# Imports

In [8]:
%reload_ext Cython

In [9]:
import sys
sys.path.append("..")

from KNN.ItemKNNCBFRecommender import ItemKNNCBFRecommender

from Base.Evaluation.Evaluator import EvaluatorHoldout

from Data_manager.Movielens_20m.Movielens20MReader import Movielens20MReader
from Data_manager.DataSplitter_k_fold import DataSplitter_Warm_k_fold

# Dataset selection and splitting (TODO: Switch to cold item dataset)

### Dataset is downloaded and stored locally if absent

In [10]:
# Selecting a dataset
dataReader = Movielens20MReader()

# Splitting the dataset.
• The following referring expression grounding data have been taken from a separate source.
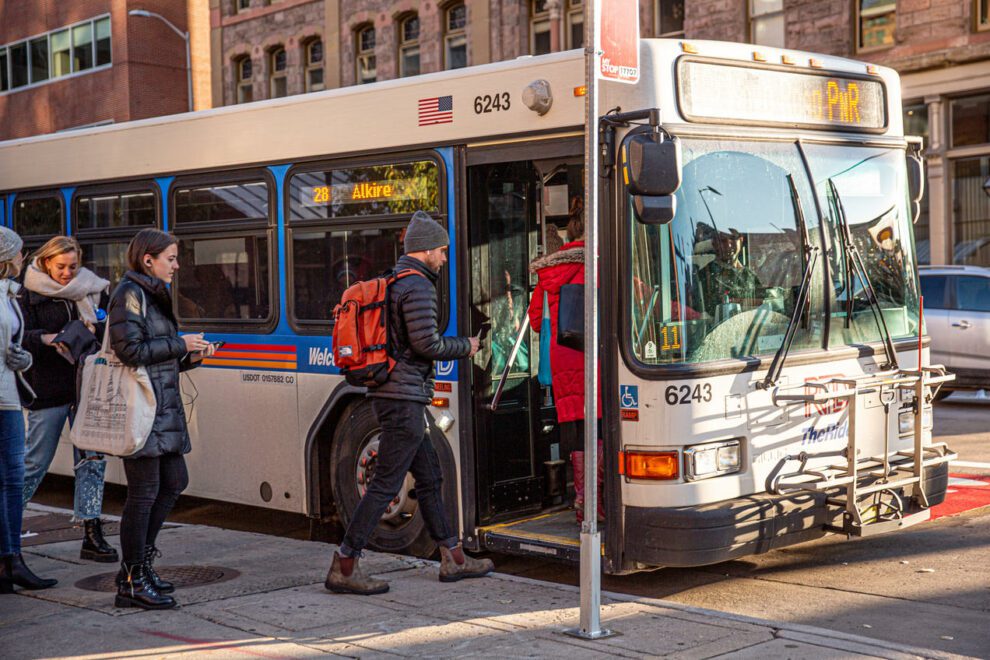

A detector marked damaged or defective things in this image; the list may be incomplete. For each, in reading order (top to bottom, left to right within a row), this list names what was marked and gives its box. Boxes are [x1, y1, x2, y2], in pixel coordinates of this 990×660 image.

cracked windshield [632, 140, 920, 366]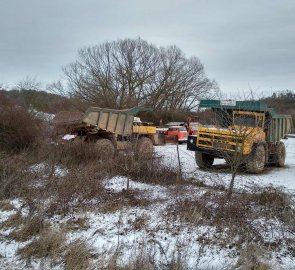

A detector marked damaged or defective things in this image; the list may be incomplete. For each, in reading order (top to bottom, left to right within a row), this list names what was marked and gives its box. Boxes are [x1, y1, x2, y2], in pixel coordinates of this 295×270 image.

rusty dump truck [57, 106, 160, 156]
rusty dump truck [188, 99, 294, 173]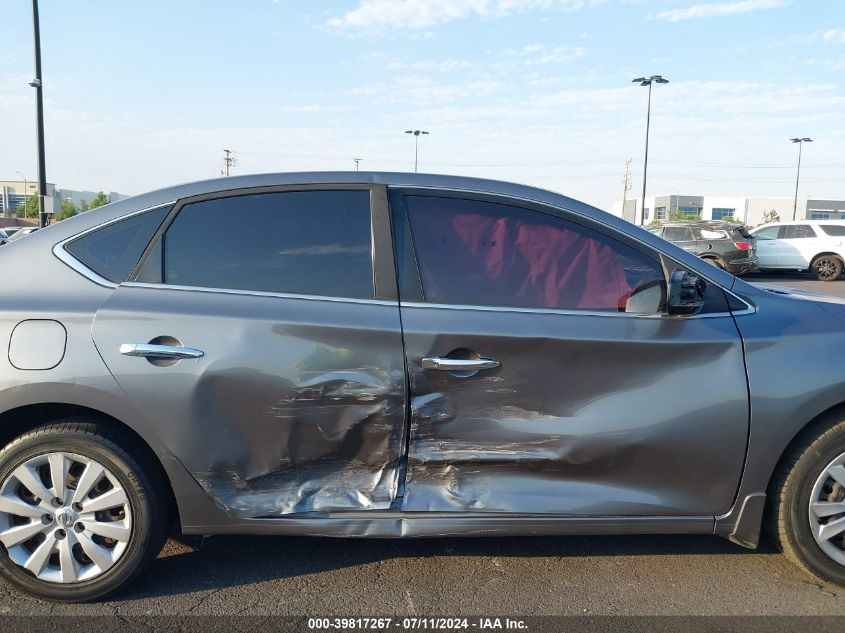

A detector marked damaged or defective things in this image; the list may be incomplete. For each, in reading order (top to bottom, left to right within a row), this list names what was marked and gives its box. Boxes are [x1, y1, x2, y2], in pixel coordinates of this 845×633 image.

damaged car door [89, 185, 406, 516]
dented door panel [90, 284, 408, 516]
damaged car door [392, 193, 748, 520]
dented door panel [398, 306, 748, 520]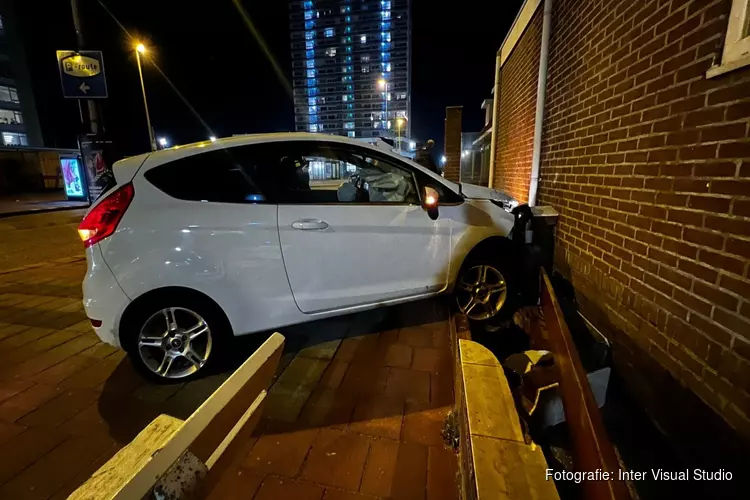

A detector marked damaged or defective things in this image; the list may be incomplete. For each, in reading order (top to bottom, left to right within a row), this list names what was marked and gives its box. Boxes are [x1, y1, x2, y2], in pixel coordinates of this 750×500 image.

crumpled car hood [462, 184, 520, 207]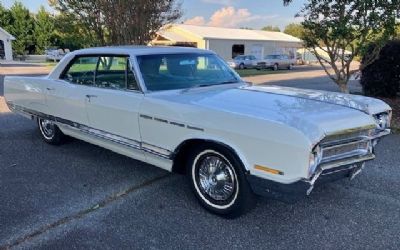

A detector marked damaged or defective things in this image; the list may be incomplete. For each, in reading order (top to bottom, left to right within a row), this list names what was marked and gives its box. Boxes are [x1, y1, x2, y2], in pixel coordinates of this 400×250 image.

crack in pavement [0, 173, 172, 249]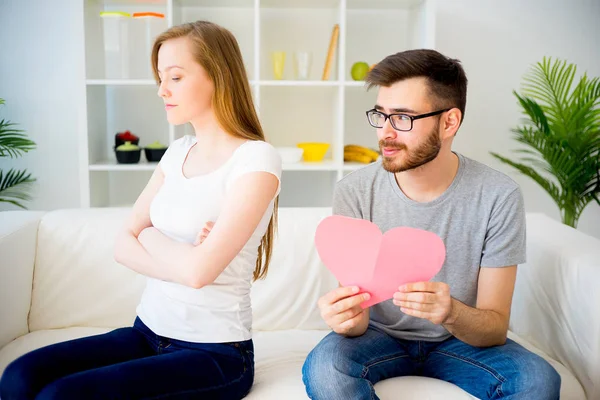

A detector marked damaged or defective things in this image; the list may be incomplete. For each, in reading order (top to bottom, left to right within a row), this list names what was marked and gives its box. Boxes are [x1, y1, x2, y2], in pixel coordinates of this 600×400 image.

torn pink paper heart [316, 216, 442, 306]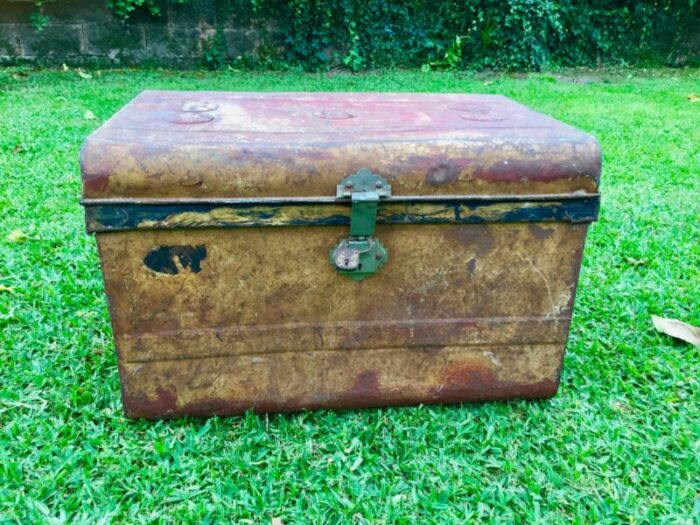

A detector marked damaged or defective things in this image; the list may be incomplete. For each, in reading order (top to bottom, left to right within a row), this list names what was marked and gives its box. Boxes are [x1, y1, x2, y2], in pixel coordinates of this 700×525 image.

corroded metal surface [79, 91, 600, 200]
corroded metal surface [80, 90, 596, 418]
corroded metal surface [98, 222, 588, 418]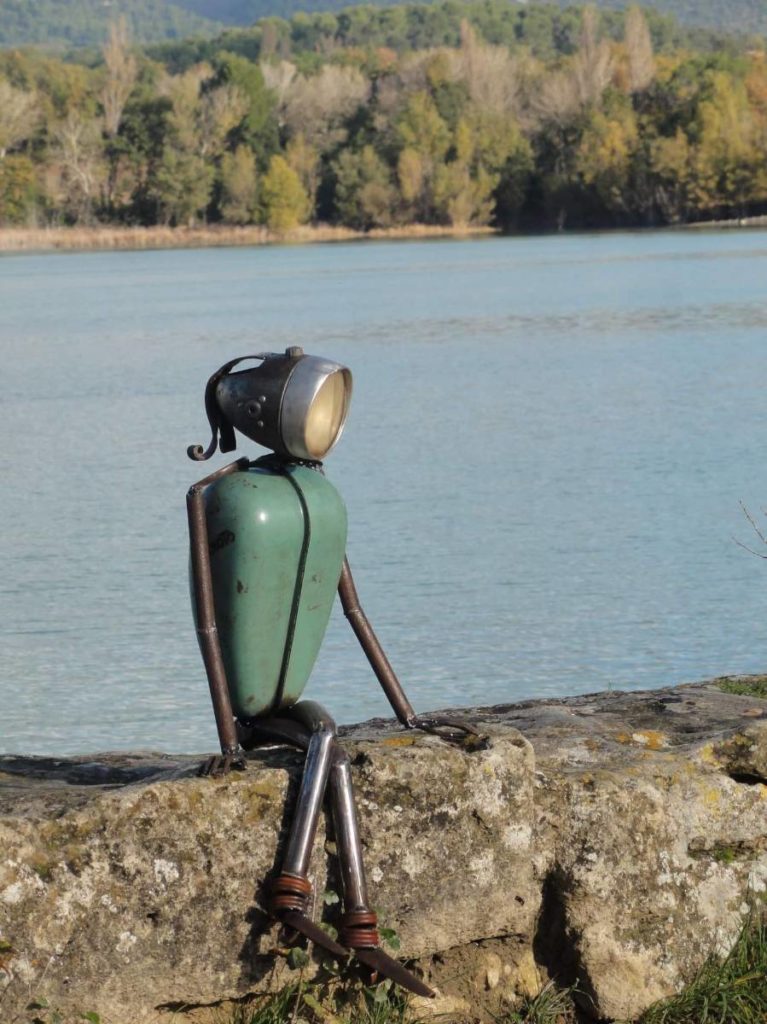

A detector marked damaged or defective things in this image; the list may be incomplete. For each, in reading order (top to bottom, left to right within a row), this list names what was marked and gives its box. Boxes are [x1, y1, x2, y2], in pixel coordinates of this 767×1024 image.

This split will produce a warm item split
# To replicate the original experimens use the dataset accessible here with a cold item split:
# https://mmprj.github.io/mtrm_dataset/index
dataSplitter = DataSplitter_Warm_k_fold(dataReader)
dataSplitter.load_data()

DataSplitter_k_fold for DataReader: Movielens_20m
	 Num items: 27278
	 Num users: 138493

	 Statistics for fold 0: n_interactions 3947336 ( 19.74%), n_items 27278 ( 100.00%), density: 1.04E-03
	 Statistics for fold 1: n_interactions 3999236 ( 20.00%), n_items 27278 ( 100.00%), density: 1.06E-03
	 Statistics for fold 2: n_interactions 4000004 ( 20.00%), n_items 27278 ( 100.00%), density: 1.06E-03
	 Statistics for fold 3: n_interactions 3999236 ( 20.00%), n_items 27278 ( 100.00%), density: 1.06E-03
	 Statistics for fold 4: n_interactions 4054451 ( 20.27%), n_items 27278 ( 100.00%), density: 1.07E-03


	 Statistics for ICM_genre: n_features 20, feature occurrences 54406, density: 9.97E-02


DataSplitter_k_fold: Done.


# Setup URM and ICM (TODO: Ignore warm items in cold items setting)

In [11]:
# Each URM is a scipy.sparse matrix of shape |users|x|items|
URM_train, URM_validation, URM_test = dataSplitter.get_holdout_split()

# The ICM is a scipy.sparse matrix of shape |items|x|features|
ICM = dataSplitter.get_ICM_from_name("ICM_genre")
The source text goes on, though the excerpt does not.